Wednesday, November 11, 2009

Nov 11 - In Flanders Fields

Poppies grow best in churned earth, and so were an enthusiastic resident of cemeteries in the First World War. Not all of the impromptu cemeteries were for entire persons – some were for arms and legs amputated with all the haste that 1915’s medical technology insisted on. LOTS of graves, large and small. Poppies flourish in the fresh wounds of the earth.

Major McCrae was a surgeon in the First World War. Near the end of 17 days of surgery in the Ypres salient, a feat that he later likened to Hades and said he would not have thought possible if told from the outset what would be expected of him, one death in particular affected him. His friend and former student Lieut. Alexis Helmer was killed in a shell burst. In the absence of chaplain McCrae performed the funeral service himself.

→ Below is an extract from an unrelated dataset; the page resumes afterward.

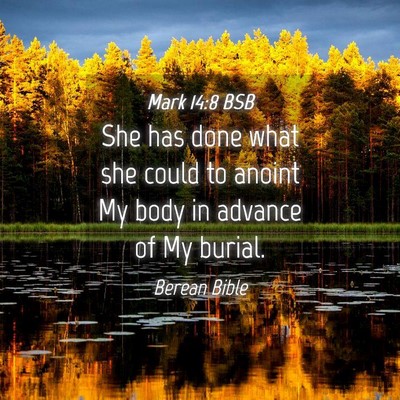 Picture 04 - Mark 14:8 BSB - She has done what she could to anoint My body in - Bible Verse Picture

The next day he took a short break with his notebook, leaned on the back of an ambulance. He looked at the cemetery, the poppies blown by a breeze from the east. A witness, 22yr old sergeant major Cyril Allinson was delivering mail and walked over to McCrae, who looked up but continued writing. In twenty precious minutes he composed “In Flanders Fields” in the form of a French rondeau. Allinson reported that the surgeon looked calm but very tired, and kept glancing toward Helmers grave. He also confirmed that what is depicted in the poem is an exact representation of what the scene looked like.

McCrae was dissatisfied with the poem and tossed it aside, but a fellow officer retrieved it and sent it to newspapers in England. One of them, Punch, published it on December 8th 1915. In the years since it has become a fixture of Remembrance Day, recited with (and sometimes without) feeling at memorials and school celebrations. For the most part it is praised as one of the most memorable poems of it’s time. Some literary critics have decried it for its recruiting poster feel in the last stanza. I say, if one has not spend 17 days up to their elbows in the entrails their comrades, one is wise not to question the motivations of the author’s mind – and just be grateful to have never been in the circumstance, and grateful to the person who was.

So it’s remembrance day, when we remember fallen soldiers with gratitude and respect. And those still serving. And those who’ve been broken or damaged by battles. And, for my part, anyone who’s job it is to run toward something I’d like to run away from – in 2001, I remembered fire fighters and police who’d fallen in duty, and have each year since. (These days, I also take a moment to shake my fist in the direction of Westborough Baptist Church for protesting soldiers funerals and being dinks in general.) And each year I give a minute to McCrae, for the corner of his beaten and brutalized mind that distilled a moment in time into the poem we know today. I remember the soldier, the surgeon, the writer.